What is consciousness?

This is one of those Sunday ponders to twist your noodle in a knot.  Science, and especially physics, will never find the Grand Unified Theory of Everything until it can come up with a formula that explains how atoms, molecules and chemical soups can generate a very simple statement: I am.

For all our self-congratulatory technology, our robots and computers and kitchen appliances, we can't create one fundamental thing: self-awareness.  Oh sure, we can teach machines to run and dance and hold conversations that seem spontaneous, but at the very foundation of these creations, there is nothing by algorithms and calculations.  We can simulate consciousness to varying degrees of eye-poppingness, but ultimately, we can't cause it.

The basic problem is our understanding of the Universe.  We like to strut around talking about quantum mechanics and string theories, but in reality we always bump into, what we used to call in fortran programming, do-loops.  All our efforts end up chasing their own tails, with things like 'black holes' resulting from mathematical dead-ends, where math fails and all the rules get thrown out the window.

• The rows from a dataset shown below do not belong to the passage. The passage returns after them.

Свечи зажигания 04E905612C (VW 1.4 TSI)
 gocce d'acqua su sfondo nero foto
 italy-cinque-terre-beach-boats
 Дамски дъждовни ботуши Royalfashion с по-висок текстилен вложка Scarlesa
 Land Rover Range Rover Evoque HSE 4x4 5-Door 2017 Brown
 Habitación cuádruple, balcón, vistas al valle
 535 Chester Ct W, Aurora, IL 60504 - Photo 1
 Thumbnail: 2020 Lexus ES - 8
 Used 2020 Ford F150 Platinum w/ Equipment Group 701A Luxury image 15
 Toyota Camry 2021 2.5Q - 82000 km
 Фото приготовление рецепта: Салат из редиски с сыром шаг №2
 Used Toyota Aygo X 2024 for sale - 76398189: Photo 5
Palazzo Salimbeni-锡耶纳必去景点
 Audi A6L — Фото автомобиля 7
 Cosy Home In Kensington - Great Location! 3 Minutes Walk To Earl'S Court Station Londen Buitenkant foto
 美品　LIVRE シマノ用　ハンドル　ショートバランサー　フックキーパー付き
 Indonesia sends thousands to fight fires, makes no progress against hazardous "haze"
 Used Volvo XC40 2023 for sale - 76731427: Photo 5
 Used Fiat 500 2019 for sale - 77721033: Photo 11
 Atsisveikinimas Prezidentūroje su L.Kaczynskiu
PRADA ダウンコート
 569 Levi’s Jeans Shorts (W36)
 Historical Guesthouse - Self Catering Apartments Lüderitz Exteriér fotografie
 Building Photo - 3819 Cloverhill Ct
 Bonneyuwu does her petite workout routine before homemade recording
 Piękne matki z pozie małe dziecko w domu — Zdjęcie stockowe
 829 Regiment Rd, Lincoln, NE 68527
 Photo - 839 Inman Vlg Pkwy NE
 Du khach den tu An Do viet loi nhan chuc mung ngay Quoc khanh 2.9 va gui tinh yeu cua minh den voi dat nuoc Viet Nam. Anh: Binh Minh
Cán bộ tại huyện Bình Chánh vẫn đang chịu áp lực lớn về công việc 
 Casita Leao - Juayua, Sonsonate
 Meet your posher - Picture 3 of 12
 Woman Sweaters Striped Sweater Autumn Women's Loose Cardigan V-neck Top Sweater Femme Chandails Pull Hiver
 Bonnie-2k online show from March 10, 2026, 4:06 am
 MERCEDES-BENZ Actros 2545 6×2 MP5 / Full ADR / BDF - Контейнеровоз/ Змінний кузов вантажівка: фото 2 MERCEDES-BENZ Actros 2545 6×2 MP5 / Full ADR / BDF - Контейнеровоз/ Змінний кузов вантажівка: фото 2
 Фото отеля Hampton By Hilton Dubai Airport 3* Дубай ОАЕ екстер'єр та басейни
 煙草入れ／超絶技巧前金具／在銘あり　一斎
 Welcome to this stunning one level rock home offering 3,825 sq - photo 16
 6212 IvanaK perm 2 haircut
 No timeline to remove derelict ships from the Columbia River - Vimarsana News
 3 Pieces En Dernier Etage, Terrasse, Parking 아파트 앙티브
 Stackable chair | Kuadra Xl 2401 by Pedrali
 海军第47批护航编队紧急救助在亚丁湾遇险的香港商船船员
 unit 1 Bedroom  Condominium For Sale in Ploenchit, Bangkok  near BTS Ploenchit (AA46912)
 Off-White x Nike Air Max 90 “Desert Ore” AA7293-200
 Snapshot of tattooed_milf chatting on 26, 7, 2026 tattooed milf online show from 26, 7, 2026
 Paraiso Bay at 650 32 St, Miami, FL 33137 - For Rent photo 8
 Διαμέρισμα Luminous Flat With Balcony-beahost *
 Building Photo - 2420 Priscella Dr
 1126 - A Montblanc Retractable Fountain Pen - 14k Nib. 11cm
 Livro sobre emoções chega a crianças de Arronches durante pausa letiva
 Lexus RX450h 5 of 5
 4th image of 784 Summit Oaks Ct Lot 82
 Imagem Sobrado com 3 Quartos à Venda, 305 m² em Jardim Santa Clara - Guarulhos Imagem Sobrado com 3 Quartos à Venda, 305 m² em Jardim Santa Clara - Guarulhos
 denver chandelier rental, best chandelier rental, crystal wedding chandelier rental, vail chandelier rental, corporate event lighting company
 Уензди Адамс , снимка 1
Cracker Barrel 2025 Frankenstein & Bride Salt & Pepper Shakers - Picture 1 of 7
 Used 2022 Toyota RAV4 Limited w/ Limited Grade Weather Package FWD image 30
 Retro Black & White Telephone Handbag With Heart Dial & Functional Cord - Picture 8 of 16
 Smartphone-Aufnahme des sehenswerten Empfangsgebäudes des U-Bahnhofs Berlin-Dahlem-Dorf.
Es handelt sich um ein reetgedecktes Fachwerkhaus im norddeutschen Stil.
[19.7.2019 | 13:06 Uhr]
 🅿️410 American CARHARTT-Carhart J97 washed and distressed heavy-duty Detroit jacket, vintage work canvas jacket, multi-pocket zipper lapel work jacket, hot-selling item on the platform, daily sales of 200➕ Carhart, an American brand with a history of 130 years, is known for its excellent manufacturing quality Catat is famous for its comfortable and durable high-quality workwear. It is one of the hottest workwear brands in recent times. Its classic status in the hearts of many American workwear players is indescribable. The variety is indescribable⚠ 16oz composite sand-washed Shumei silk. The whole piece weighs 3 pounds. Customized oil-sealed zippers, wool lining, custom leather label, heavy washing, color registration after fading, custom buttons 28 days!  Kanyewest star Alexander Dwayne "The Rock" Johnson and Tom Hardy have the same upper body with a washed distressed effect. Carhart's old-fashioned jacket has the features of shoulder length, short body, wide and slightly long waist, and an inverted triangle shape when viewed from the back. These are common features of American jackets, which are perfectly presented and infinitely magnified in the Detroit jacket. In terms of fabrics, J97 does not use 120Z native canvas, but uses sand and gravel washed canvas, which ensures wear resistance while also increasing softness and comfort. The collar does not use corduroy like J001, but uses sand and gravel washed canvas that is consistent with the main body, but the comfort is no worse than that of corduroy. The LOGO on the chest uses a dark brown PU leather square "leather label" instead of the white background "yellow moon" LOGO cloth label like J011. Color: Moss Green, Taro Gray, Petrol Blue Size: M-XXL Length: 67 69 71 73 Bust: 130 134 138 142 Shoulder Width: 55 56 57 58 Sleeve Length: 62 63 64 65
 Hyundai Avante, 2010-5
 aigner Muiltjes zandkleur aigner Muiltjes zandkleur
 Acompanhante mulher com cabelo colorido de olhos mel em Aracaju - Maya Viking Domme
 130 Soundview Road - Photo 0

Nowhere in all our wizardry does the math reach a point where the individual pops into existence.  And here's the real noodle bake...is everything we think we know being created by our own expectations of finding it?  In other words, did we find the Higgs boson because we created the environment in which it could exist?

Here's the fundamental problem with current particle physics.  We calculate that a certain particle must exist in order for the solutions to be valid.  We set up experiments to find those things.  Thus, we have created the things by establishing the right environment for them to be found.  In other words, these are completely reflexive exercises.

Another example is the periodic table.  In nature, we only find elements up to uranium.  After that, they are all man-made, and most don't exist for more than a millisecond or two before crumbling into more mundane pieces.  Everything from #93 to #120 (and beyond) is simply us tinkering with what is, not finding some aspect of reality.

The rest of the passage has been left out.